= WORK REQUEST =
In the entries below, find the line with "Wilson Pro Staff 26 V 14.0 Tennis Racket" and print exactly every line from there up to and including the line with "Used Mercedes-Benz E-Class", with no other lines.

= PROVIDED RECORDS =
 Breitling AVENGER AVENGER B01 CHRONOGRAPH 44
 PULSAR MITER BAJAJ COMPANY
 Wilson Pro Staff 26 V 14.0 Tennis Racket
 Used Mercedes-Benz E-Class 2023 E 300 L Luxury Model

==

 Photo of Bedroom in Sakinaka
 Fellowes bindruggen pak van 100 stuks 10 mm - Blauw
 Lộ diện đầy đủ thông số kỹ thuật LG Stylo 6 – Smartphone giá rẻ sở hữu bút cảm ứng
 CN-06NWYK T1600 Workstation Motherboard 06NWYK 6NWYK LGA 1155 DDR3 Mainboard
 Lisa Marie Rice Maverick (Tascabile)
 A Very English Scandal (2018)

* * *

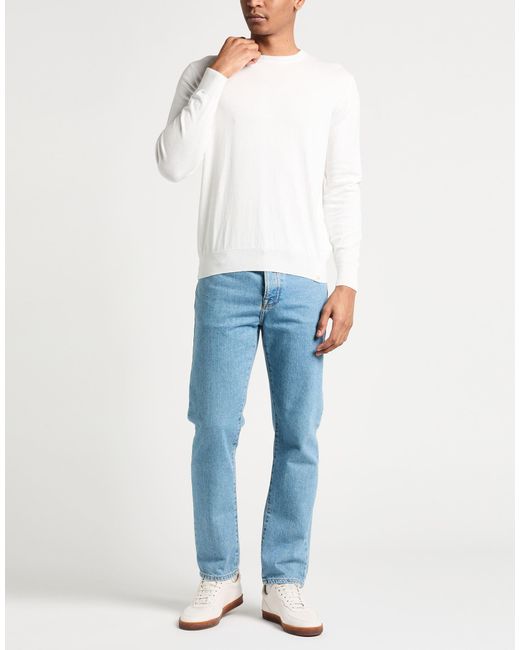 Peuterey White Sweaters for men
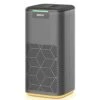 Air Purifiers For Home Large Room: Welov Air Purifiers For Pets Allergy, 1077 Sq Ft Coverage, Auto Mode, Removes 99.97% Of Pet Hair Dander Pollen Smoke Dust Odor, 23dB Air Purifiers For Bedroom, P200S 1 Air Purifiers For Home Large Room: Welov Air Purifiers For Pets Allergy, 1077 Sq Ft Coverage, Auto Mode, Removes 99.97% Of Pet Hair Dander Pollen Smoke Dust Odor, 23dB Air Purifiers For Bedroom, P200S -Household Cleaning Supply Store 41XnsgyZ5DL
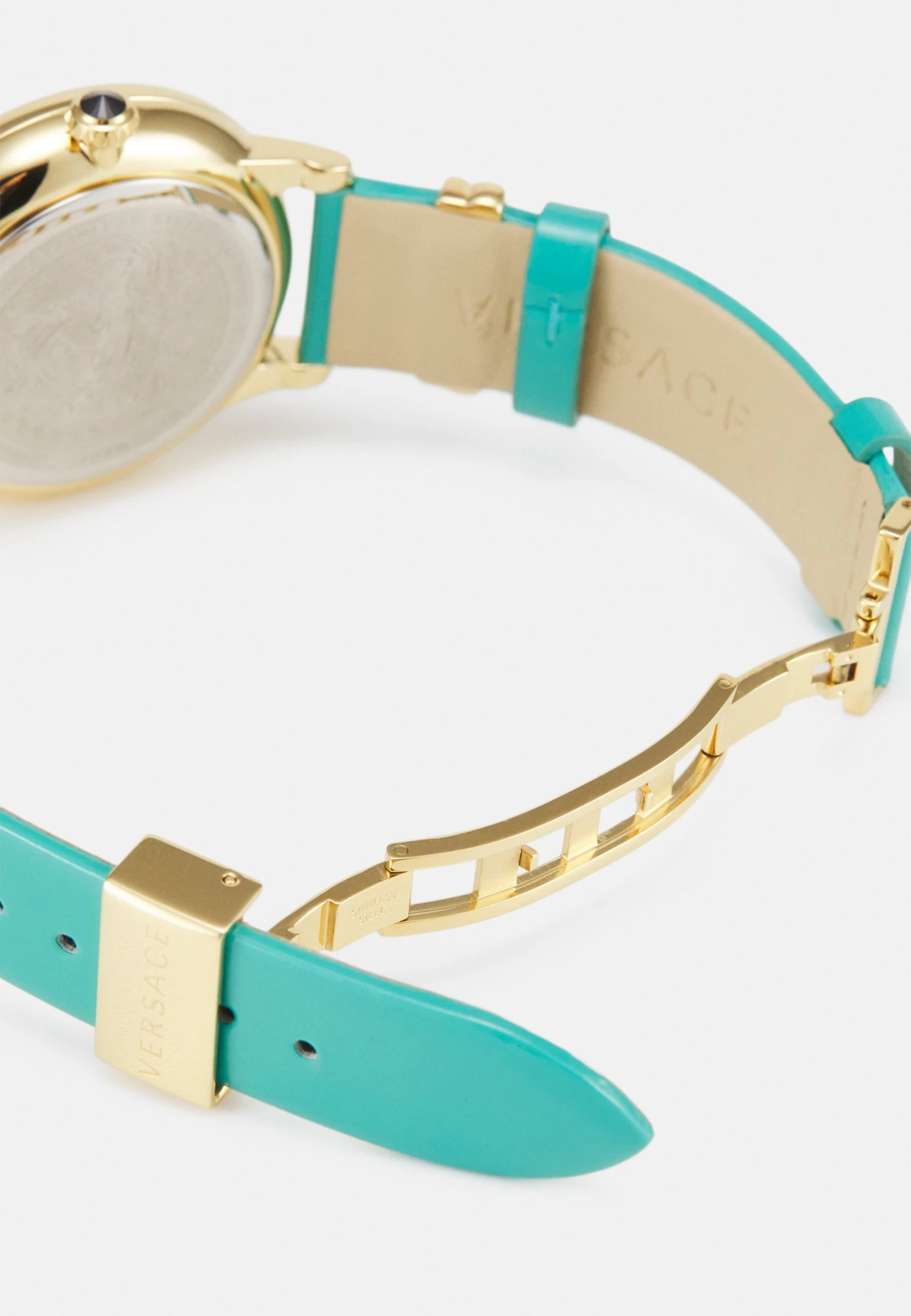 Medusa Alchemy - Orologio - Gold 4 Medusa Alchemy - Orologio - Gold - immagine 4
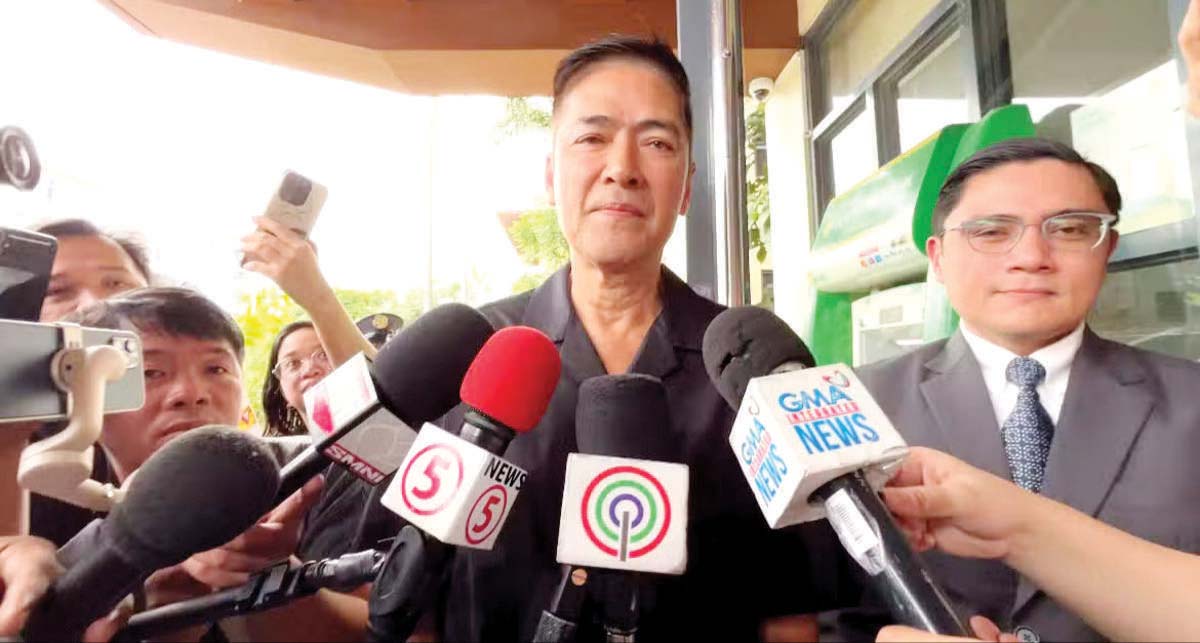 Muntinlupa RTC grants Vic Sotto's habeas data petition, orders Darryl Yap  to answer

= TASK OUTPUT =
 Wilson Pro Staff 26 V 14.0 Tennis Racket
 Used Mercedes-Benz E-Class 2023 E 300 L Luxury Model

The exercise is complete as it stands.